Someone stole my notes!!
by Phil Carlisle · 07/25/2007 (9:44 am) · 4 comments
I just got back from the educational day at the Develop conference in Brighton (england, uk). It was a bit of a weird day, but I wanted to post some info that I thought was interesting to GG's community.
There was a talk by Epic's Chris Wells, senior character artists on GOW and UT3. Anyway, I took a whole crapload of notes, unfortunately some bugger whipped the freebie bag I'd put the notes in for safekeeping, so this is going to have to be from memory.
One of the interesting things was to hear what kind of polycounts and texture counts they were using on GOW.
I'm sure you can get a lot of this info online, so feel free to do some digging of your own. But here are the figures as I recall them.
They start off with a reference model, basically a low poly reference figure (male, female), which is only used for proportion reference.

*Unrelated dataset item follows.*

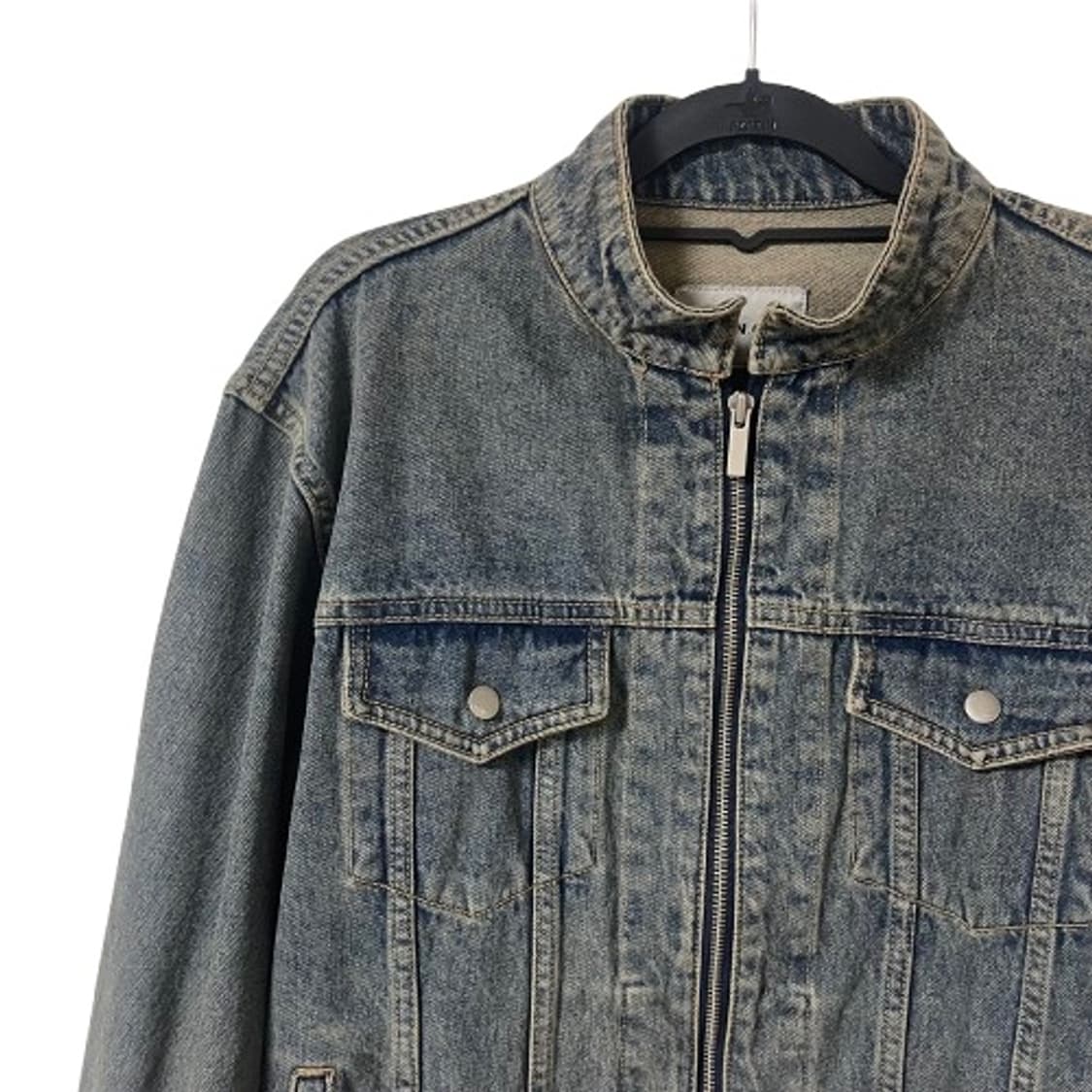 Washing Denim jk (mens M) 상품이미지2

Then they build a scratch model, which is a basic (well, he called it basic, looked bloody fantastic to me) low poly model to start from. They then export this model into mudbox or zbrush to add in detail. Before doing that, he says that they figure out which parts to use which texture on. So he says that they basically they split up the UT models by having "organic" on one texture, "hard shell" on another (armour) and "common" on another. Common being tubes and stuff.
So, they perform the unwrapping and use some tool (which I cant recall) to relax the UV's, whatever the hell that means :) hahahaa. Ehem.
So basic UV layout using Deep UV. Texturing comes from reference on 3DSK etc and is applied using Deep Paint.
He talked a bit about how he adds detail to the armour using double chamfering and whatnot, but that was TOTALLY beyond me, I'm sure its a well known max trick.
So anyhow, once they have the low poly ref in zbrush or mudbox, they add lots of detail etc. He says they usually get up to about 8 million poly's or so. Oh, he said to remember to create your models using quads so that the normal mapping and zbrush stuff works better.
He did mention that some models go higher, up into the 30 million poly mark. Guess it is to taste :)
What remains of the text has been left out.